Like a stone cast into a pool, the Reagan-Taiwan issue is rippling out to wider ramifications:
* It drives a policy wedge between Reagan and Mr. Bush, who -- as chief American representative in Peking during the mid-1970s -- helped to pave the way for US-Chinese recognition.
Critical of Reagan's tax-cut policies until he was named vice-presidential running mate, Bush now has a foreign policy bone to pick with his chief.
Bush says he wants to minimize differences between him and Reagan. How far he can go without eroding the credibility of the Republican twosome is doubtful.
* The diplomatic hassle gives President Carter and his aides an opportunity to buttress their claim that Reagan is inexperienced and simplistic in foreign affairs.
Carter aides long have claimed that once Reagan began talking about, or was pinned down on, specific issues, he would make mistakes.
Observers agree that Reagan's chief foreign policy adviser, Richard V. Allen, is sophisticated in his understanding of the world and aware of booby traps studding the policy landscape.
One senior West German diplomat said privately that Mr. Allen had favorably impressed German officials during a recent visit to Bonn.
The question is: Will Reagan's advisers be able to change the candidate's old and familiar language, or will the former California governor stick to his script, despite problems this may bring?
Meanwhile, a central dilemma unfolds in Reagan rhetoric. He stresses the need for stronger US military forces, which would require greatly increased defense spending, plus other expensive programs, such as a rebuilt merchant marine.
This would impel higher overall government spending, unless a Reagan administration was ready -- and able -- to push through Congress corresponding cuts in nondefense programs.
The Republican standard bearer also calls for huge tax cuts, which -- according to Carter administration economists -- would deplete US Treasury receipts.
Defense spending and tax cuts of this magnitude, Carter claims, would force the dismantling of all of the rest of the federal government, including social programs.
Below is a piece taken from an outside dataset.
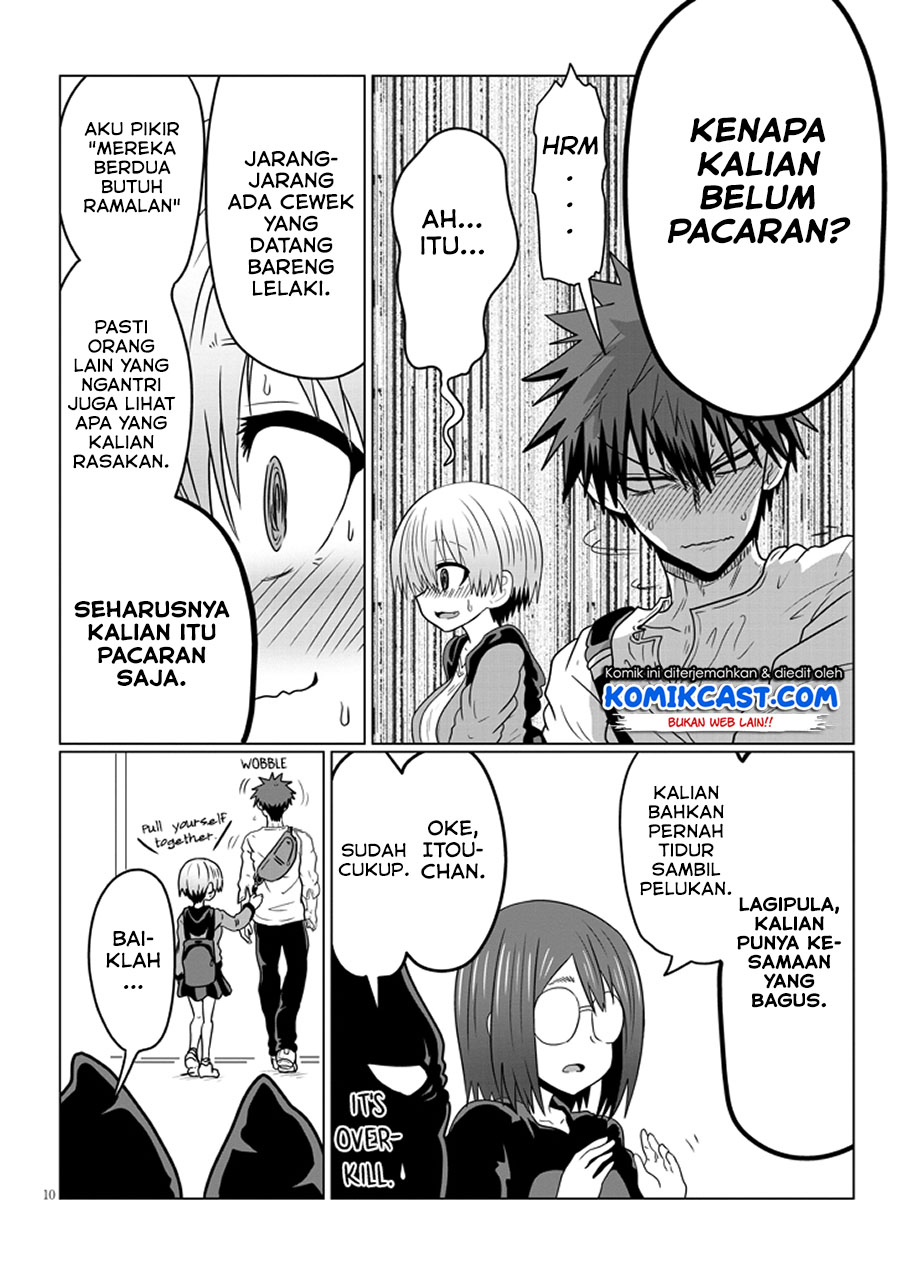 Uzaki-chan wa Asobitai!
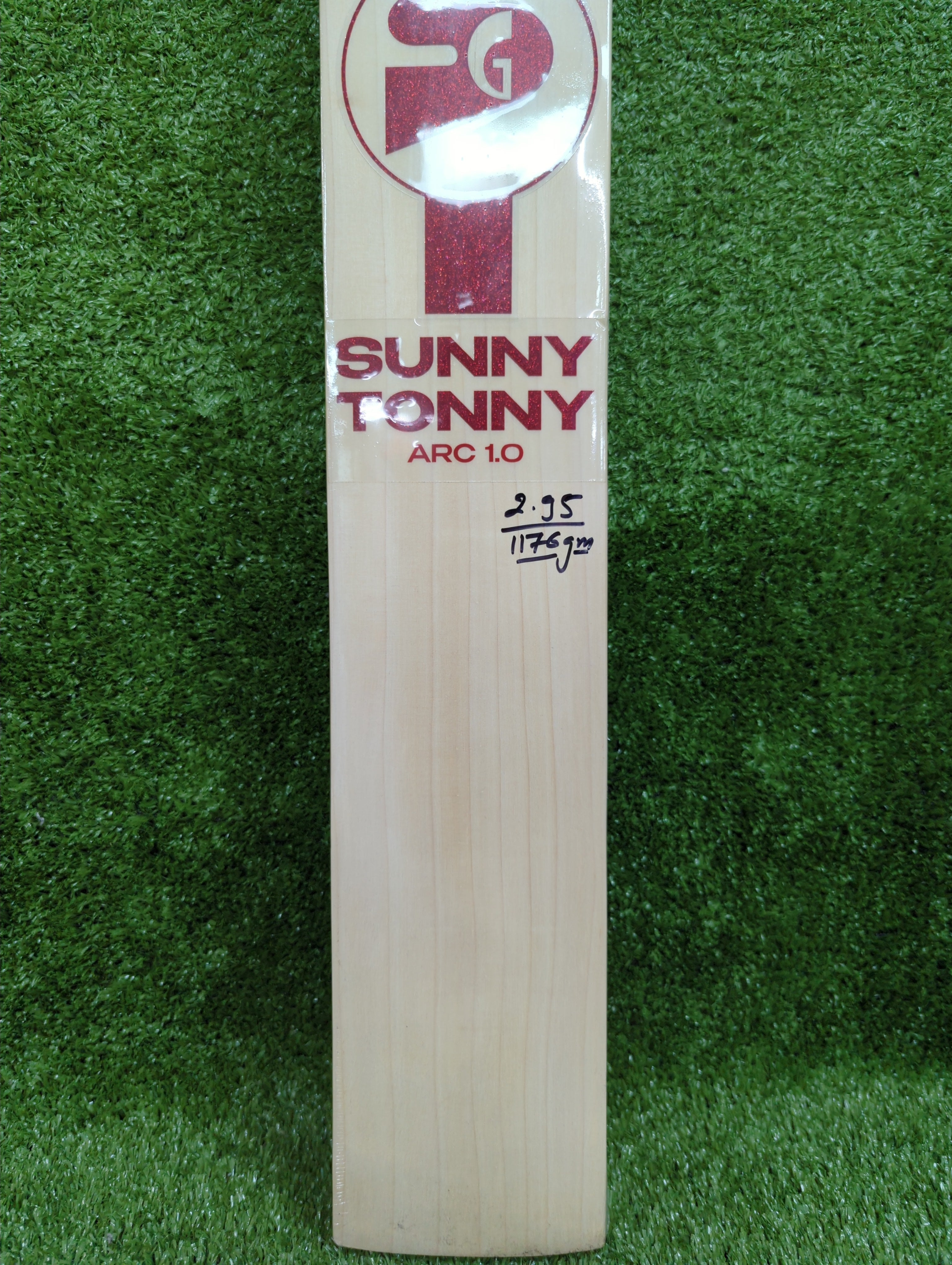SG Sunny Tonny Arc 1.0  English Willow Cricket Bat SG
The 1980 presidential campaign, meanwhile, features a unique juxtaposition -- three "born again" Christian candidates (Carter, Reagan, and John Anderson) and the newly emergent political voice of the Christian fundamentalists, thundering for a return of the US to a sounder moral base.
Although the movement, as such, is not organized to endorse a particular candidate, the views of its evangelistic spokesmen often coincide with the conservative policies of Mr. Reagan.
Indeed, speaking to such a group in Dallas, Reagan told the assembled faithful: "Though you cannot endorse me, I endorse you."